# Planted Tanks > Aquascaping >  Nigel's Forest scape 128L

## Nigel95

Welcome to my first forest aquascape style  :Smile: 

Specs planted tank aquarium 
*Tank*
80x40x40 cm / 31x15x15" opticwhite 8mm 
34 gallon / 128 litre 

*Lighting*
Chihiros rgb 60

*Hardscape*
Lava rock
Spiderwood

*Substrate*
ADA Aqua Soil

*Shrimp*
50+ Red cherry shrimp

*
Fish*
20 green neon tetra 

*Snails*
10 Clithon sp. 

*Plants*
hydrocotyle tripartita
cryptocoryne parva
fissidens fontanus
fissidens mini
solenostoma tetragonum
Bucephalandra (soon before flooding)

*Co2*
Pressurized CO2 with a diffusor 
Co2 checker edge (20 ppm) 

*Heater*
Hydor eth 200 temperature 25 celcius 

*Filter*
Eheim experience 350 (2426) with stainless steel lily pipes 

*Background*
Frosted glass spray

*Day 1 Hardscape & DSM* 







*Tank 80x40x40 cm - 34g / 128L
*
image uploader


Yoghurt method experiment
[/B]Got some fissidens fontanus from someone.
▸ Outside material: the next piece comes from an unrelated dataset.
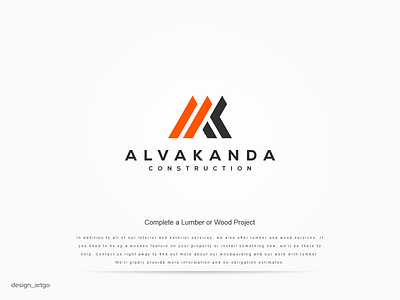 Alvakanda Construction branding contruction logo design flat graphic design illustration logo logos minimal monogram professional logo simple typography ui vector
Trying out the yoghurt blender method to attach mosses on my lava rocks. Thanks for the idea [MENTION=57428]shaman.[/MENTION]

More info about this see
http://bolbiaquarium.blogspot.nl/201...e-yoghurt.html

image uploader
Waterlogging all pieces hopefully they will not dry completely out during my dry start to attach mosses to hardscape.

image uploader

To be more safe to avoid floating spiderwood I zip tied spiderwood pieces to a piece of slate. These will be buried in the substrate. So far it seems promising as pieces sink immediately in a bucket. 

image uploader

----------


## Nigel95

*Day 36*

----------


## popimac

Following! The scape looks very promising!  :Smile: 

Sent from my SM-G950F using Tapatalk

----------


## khairilishak

> Following! The scape looks very promising! 
> 
> Sent from my SM-G950F using Tapatalk


2nd that. (:


Sent using Tapatalk

----------


## Nigel95

Thank you guys will make an update once it is more green and fish are added.

----------


## Shadow

looking good, don't be to shy with the wood  :Wink:

----------


## TTerry

very nice! Really like your hardscape!

----------


## Nigel95

Thanks all! So far I added a lot of RCS and they are eating on the green thread algae. Probably they are very hungry. Buces are melting hopefully they will grow back.

----------


## Goalkeeper

Nice....looks like a forest!!

----------


## Nigel95

Thanks!

Day 49

----------


## khairilishak

Awesome job bro! Hands down the best scape I've seen so far. Its perfect!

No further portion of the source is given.